Suppose you have three separate services, each with their own GraphQL API: users
, products
, and orders
. Each service has its own data schema and data sources. You want to create a unified GraphQL API that allows clients to query across all three services, and get back a single result.
To do this, you can use GraphQL federation. Here's an example:
type User @key(fields: "id") { id: ID! name: String! email: String! } type Query { user(id: ID!): User }
The @key
directive tells GraphQL federation that the User
type is a federated type, and that the id
field is the primary key for this type.
You would define similar schemas for the products
and orders
services.
Next, you set up the federation gateway. This is the unified GraphQL API that clients will query. Here's an example of how to set up the gateway:
const { ApolloServer } = require('apollo-server'); const { ApolloGateway } = require('@apollo/gateway'); const gateway = new ApolloGateway({ serviceList: [ { name: 'users', url: 'http://localhost:4001' }, { name: 'products', url: 'http://localhost:4002' }, { name: 'orders', url: 'http://localhost:4003' }, ], }); const server = new ApolloServer({ gateway, subscriptions: false, }); server.listen().then(({ url }) => { console.log(`Gateway server ready at ${url}`); });
The ApolloGateway
constructor takes a list of services, each with a name
and a url
. These are the URLs of the individual GraphQL APIs for each service.

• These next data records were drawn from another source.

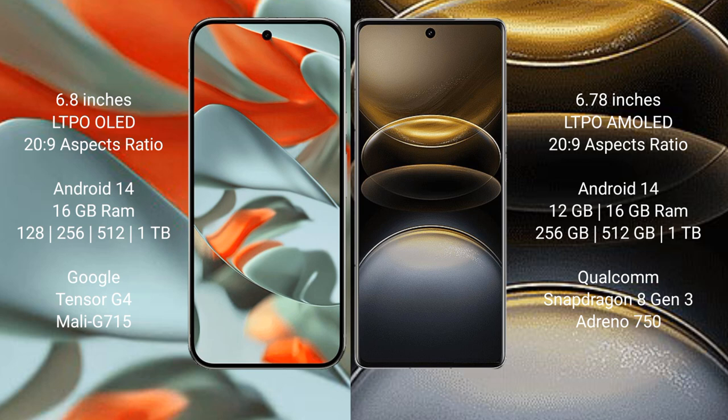Google Pixel 9 Pro XL runs on the Android 14 operating system. Vivo X100 Ultra runs on the Android 14 operating system. Google Pixel 9 Pro XL comes with 16 GB RAM and 128 GB, 256 GB, 512 GB, or 1 TB internal storage.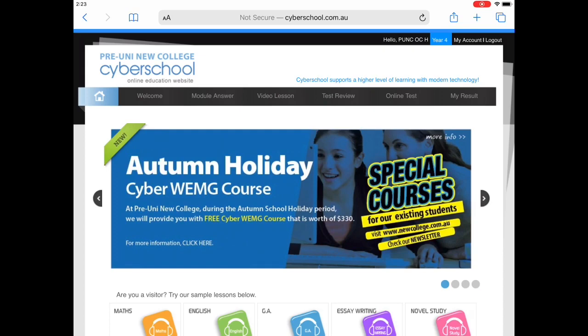Firstly, log into Cyberschool, then press on the Online Test tab, then Online Test.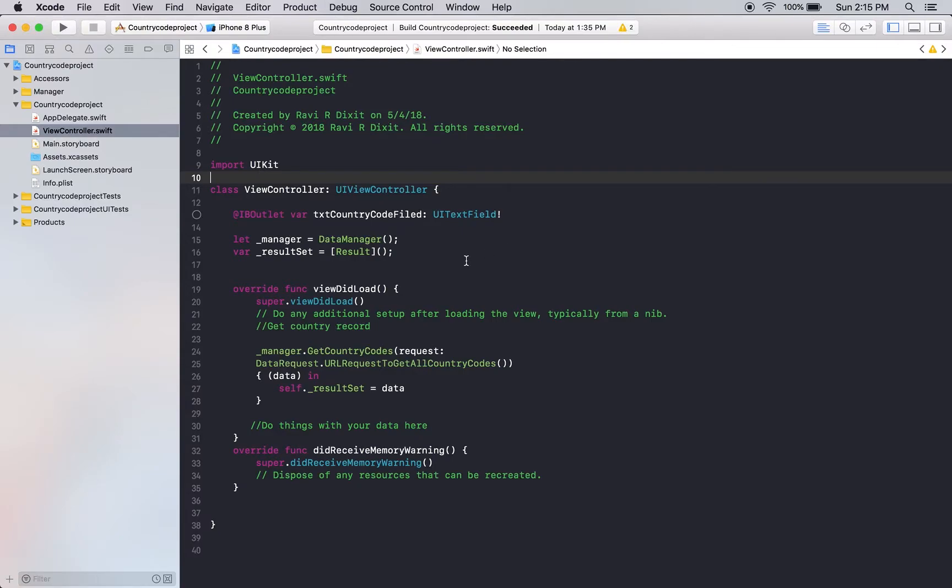Hey, this is Ravi. In this video, I will tell you what is a test case and how they help in testing the functionality of the application.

When a client queries the gateway, it will forward the query to the appropriate service based on the @key
directives in the schema.
Now you can query the federation gateway just like any other GraphQL API. Here's an example of how to query the User
type:
query { user(id: "1") { id name email } }
When the federation gateway receives this query, it will forward it to the users
service, which will return the User
object with the corresponding id
. If the query had requested fields from the products
or orders
services as well, the gateway would forward the appropriate parts of the query to those services as well, and combine the results into a single response.
This is just a simple example, but GraphQL federation can be used for much more complex scenarios as well, where you have multiple services with complex data schemas and data sources, and you want to create a unified API for clients to query across all of them.